From Latin America and South Africa, the panel moves on to Nigeria in Gary Rees’s “Neo-Imperialism and the Body Politic: Chinua Achebe’s A Man of the People.” Written shortly before the outbreak of the Biafran War, Achebe’s 1966 novel is a somewhat neglected text in the writer’s canon. In this text, one of Achebe’s most corporeally invested works, an interesting conflation happens between actual human bodies, drives, and desires and the body politic of the newly independent Nigerian nation. While bodies, hungers, and sexual desires dominate the first half of the text, the rest of the novel switches focus to the Nigerian body politic. This paper will interrogate specific mentions of the United States, the Civil Rights movement, and neocolonial activity and examine how their presentation (and absence in the second half of the text) speaks to Achebe’s concerns and ambivalence towards the United States and its Cold War foreign policy. Through the writing of a text that incorporates both the body, Nigerian politics, and United States neo-colonial interference, Achebe masterfully navigates the challenges of writing about western hegemony and creates a text with a distinctly African take on the Cold War era.

The panel continues with a shift to Egypt in Douglas Eli Julien’s “The Cold War, Radio Diplomacy, and the Works of Naguib Mahfouz: Retelling the Narrative of Suez.” Egypt, a gateway into Africa and the Middle East, served as a seminal battleground and a key piece of real estate in the Cold War battle between the US and the Soviets. One of the key methods used by the US and Soviet Union to gain influence and an advantage in the Cold War was radio diplomacy through Radio Moscow and the Voice of America. In these representations, the leaders of Egypt and the people themselves are often treated as dupes in a finely crafted charade constructed by the superpowers. However, the insights provided by Naguib Mahfouz’s literary texts such as Miramar and Autumn Quail reveal an Egyptian voice that challenges the traditional interpretation of the conflict. Mahfouz stands on the ground that this was not an East-West conflict, the decision to nationalize the canal was not a Cold War issue but an issue of resolving the “Israeli problem,” and that neither the leaders of Egypt nor the people were so easily duped by the superpowers.

Moving first South, then East, J. Daniel Elam’s “Non-Alignment and the Postcolony: India and Kenya in the Cold War” concludes this panel by opening a fresh geographic trajectory away from the West. A growing body of work, according to Elam, is exploring the political relationships across the Indian Ocean which include Sugata Bose’s A Hundred Horizons and Engseng Ho’s The Graves of Tarim. The strength of this historical work necessitates a theoretical reexamination of the political commitments Indian Ocean postcolonial nation-states had for one another, especially throughout the years following their independence. This paper explores the relationship (both political and cultural) between the two countries, focusing most closely on the writings and letters of Jomo Kenyatta and Indira Gandhi in the 1970s.
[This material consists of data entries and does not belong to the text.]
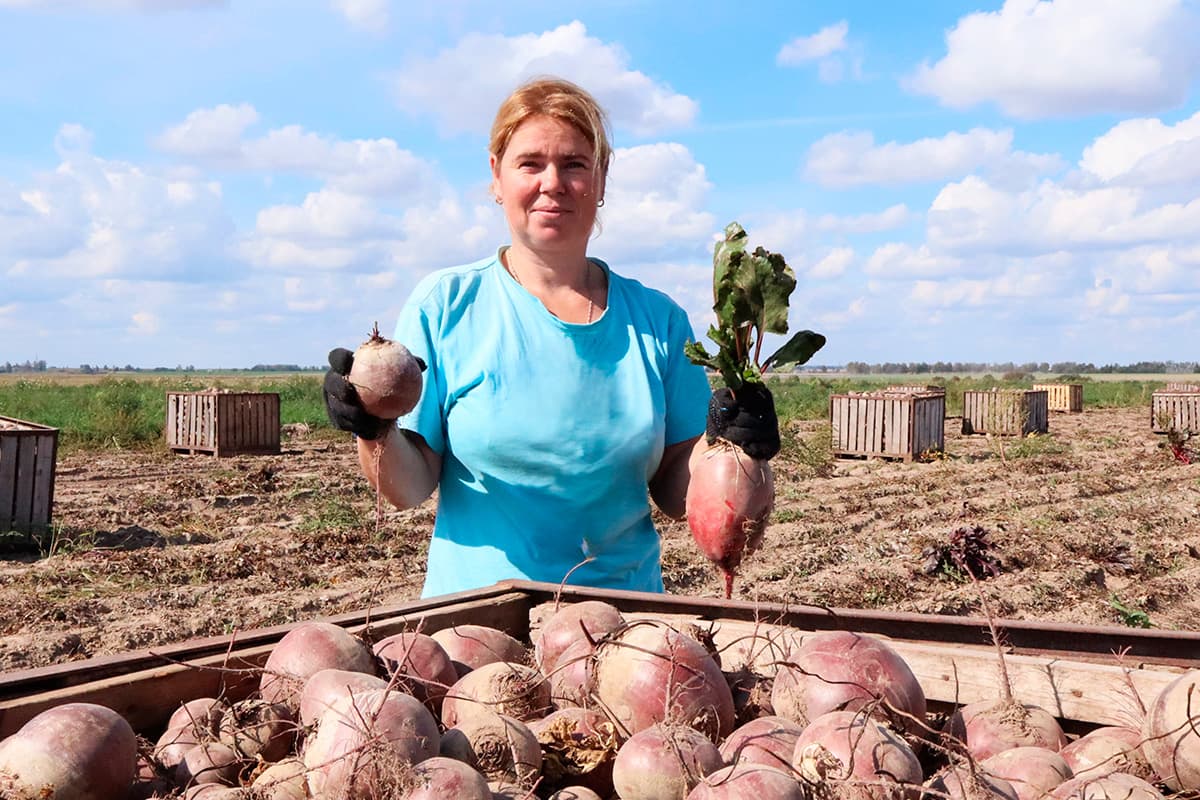 Картофель, свекла, яблоки: как продвигается сбор плодоовощной продукции в Могилевской области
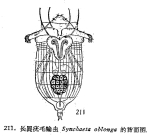 Synchaeta oblonga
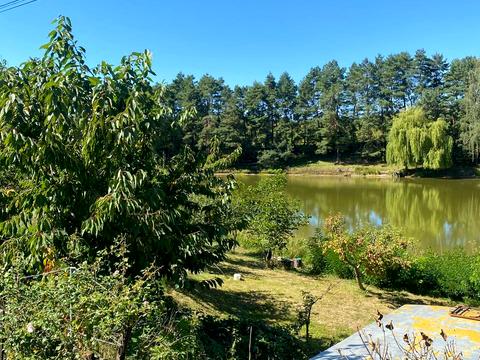 комерційна за адресою Лісова, 1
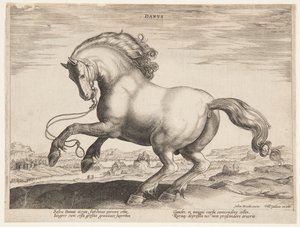 En dansk hest, fra fjerde sæt af "Equile Joannis Austriaci" af Jan van der Straet, called Stradanus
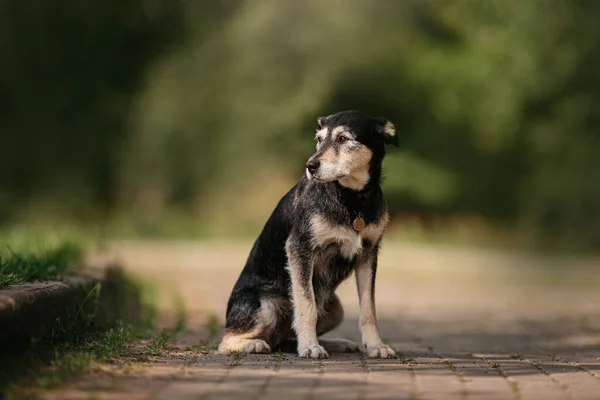Preto terrier mix cão senta-se ao ar livre no verão — Fotografia de Stock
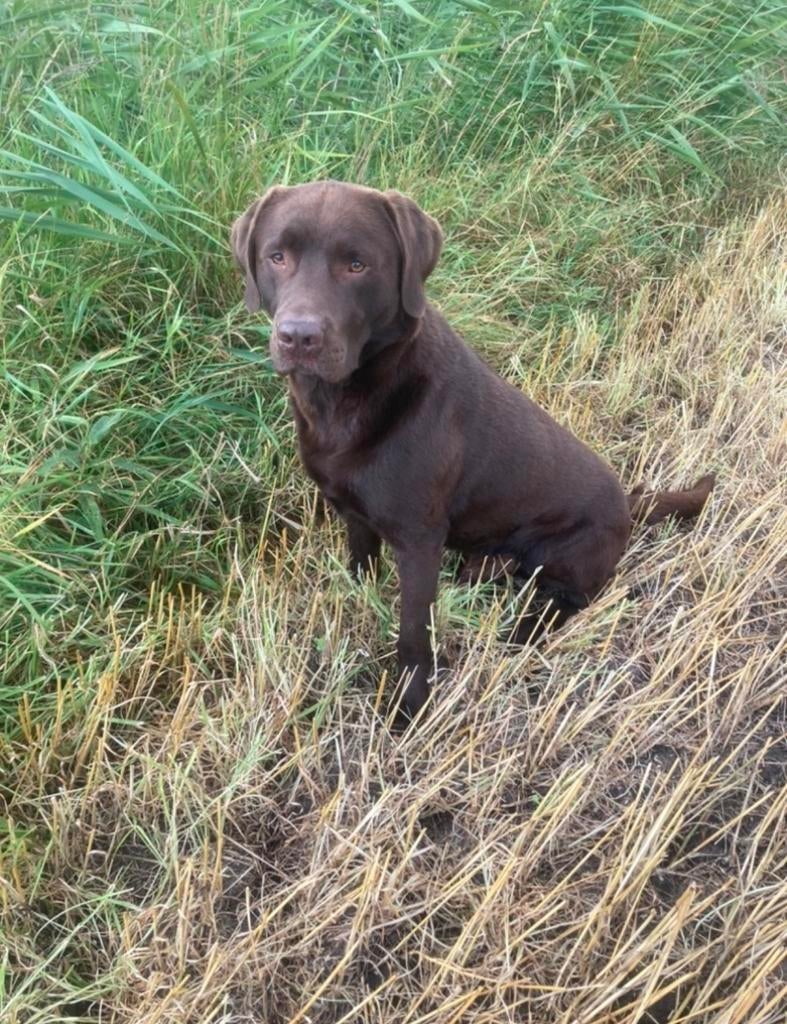 Labrador dekreu bruin, 6 jaar of ouder, Reu, Parvo, Eén hond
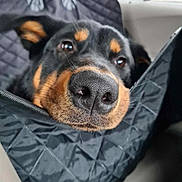 Koda a rejoint le concours — aidez-le/la à gagner de superbes lots ! animal, black, car_interior, close_up, comfort, dog, ears, eyes, fur, headrest, nose, pet, portrait, quilted, rottweiler, seat_cover, snout, travel, vehicle, window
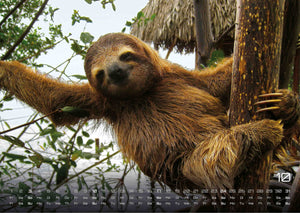 Faultiere – Chill mal! - 2027 - Kalender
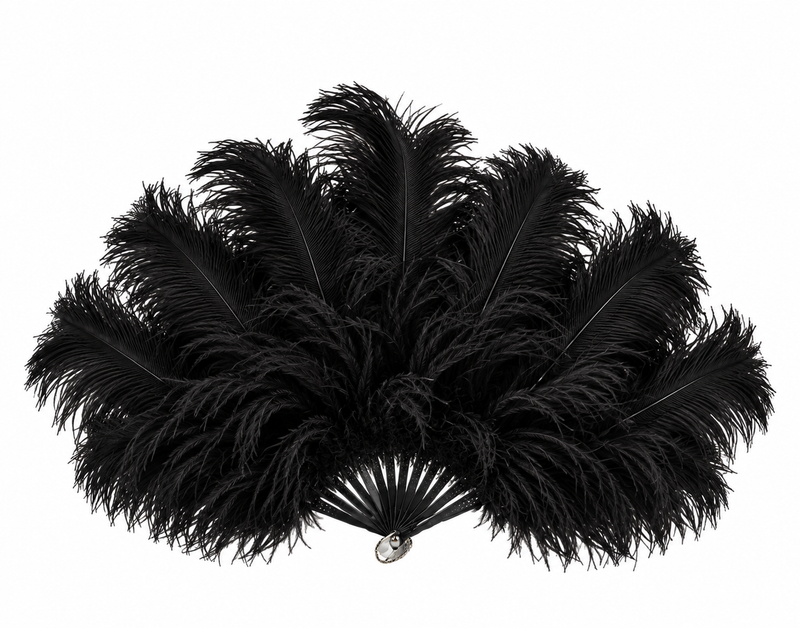 FEATHER FANS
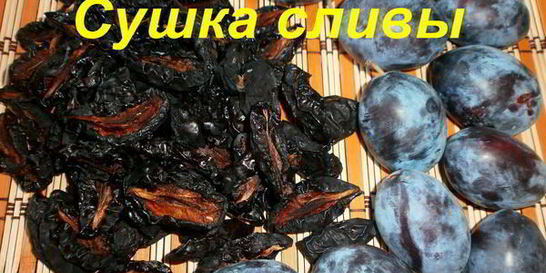 Сушка слив в электросушилке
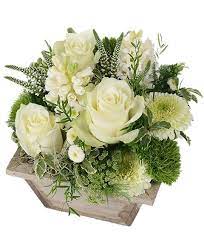 Alcuni suggerimenti per ogni occasione. Consegna Fiori Rose Bianche Firenze Invia Composizione Floreale A Domicilio In Giornata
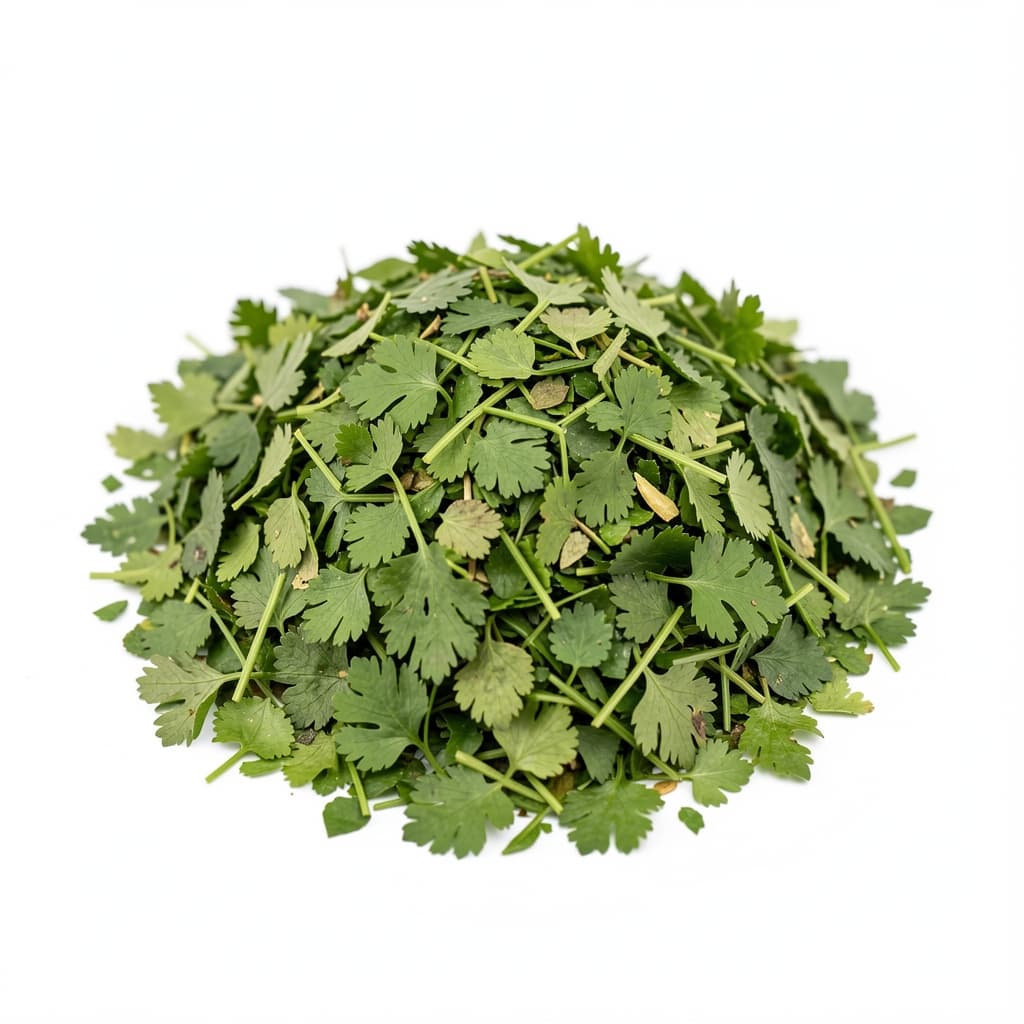 Coriander Leaves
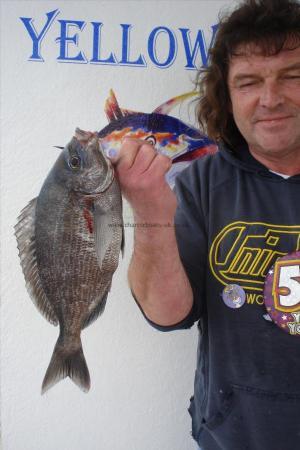 2 lb 8 oz Black Sea Bream by Muff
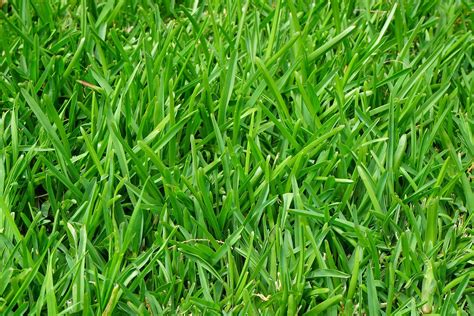 Silver dollar perennial ryegrass The transformation of my front lawn and the overall appearance is thanks to perennial ryegrass, but will it work for you in your lawn? In today's #askRKLC v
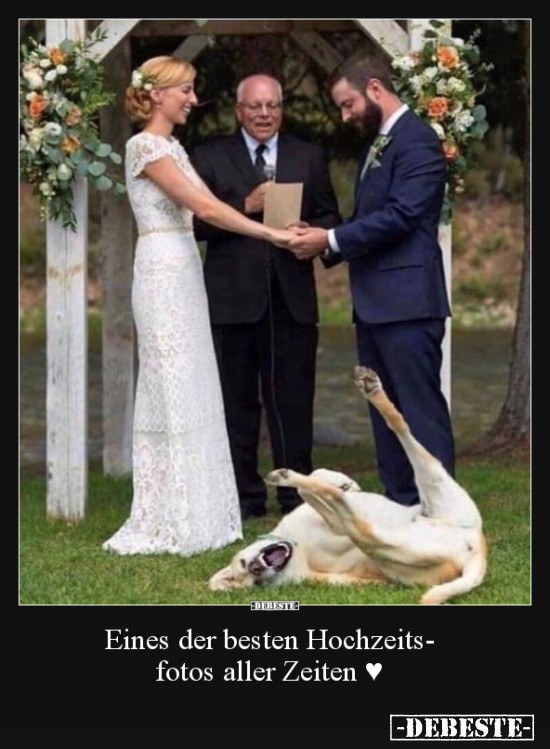  - Lustige Bilder | DEBESTE.de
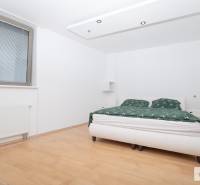 Ložnice ve 3pokojovém bytě s podlahou s dřevěným dekorem a velkou postelí.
From a close analysis of the two leaders’ letters, writings, and speeches, Elam’s paper argues that the Cold War provided the stage for a close relationship between two newly postcolonial nations. Elam argues the importance of transnational relationship between non-alignment countries in the face of the Cold War. These transnational relationships challenge regional claims of postcolonialism and show, following Dipesh Chakrabarty and Homi Bhabha, that postcolonialism is a transnational (and perhaps even cosmopolitan) theoretical endeavor.